While there will still be plenty of spinning disk out there in the world many years hence, Warfield says Coho Data is keeping its eye out for other kinds of flash arrays. For instance, he envisions that a second class of relatively cheap flash that does not meet the stringent durability requirements will emerge as what amounts to a warm storage layer that is much less expensive than enterprise flash and closer to the cost of disk drives.
“We will see some flash devices emerge that are totally focused on low-cost storage,” Warfield predicts. “They will be great for random access, but they will not have high durability guarantees and you will only be able to overwrite them a few times in their lives. But if you front them with the fast and durable enterprise flash, it will be an interesting building block for scalable storage systems. I think that where this is going to take us is that by combining high capacity and high speed flash devices, we will be able to get tens of petabytes of storage in under 10U of rack space with a fronting layer with literally millions of IOPS. That kind of storage performance really starts to threaten the utility of services like S3 or EBS at Amazon Web Services.”

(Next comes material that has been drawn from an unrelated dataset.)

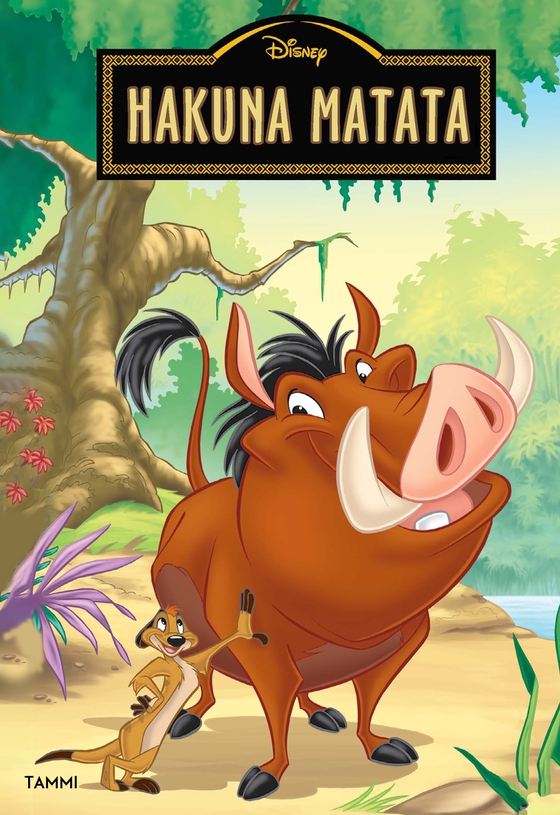 Hakuna Matata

Looking even further ahead, Coho Data is examining how it might lash its storage arrays together in Clos networks in addition to leaf/spine approaches. And the company is looking at any way that it can move compute closer to the storage.
“As the architecture evolves, my intention is to allow developers to move applications and computation much closer to their data by allowing microservices to be hosted directly within the storage system,” Warfield explains. “We are in the early days of this right now, but have already done a six-month proof of concept with a Fortune 100 financial firm – different from the customer mentioned in the configuration above – in which we have implemented HDFS access alongside NFS, and allowed Cloudera clusters to be deployed within the system and to run directly on data when the storage system is otherwise idle.”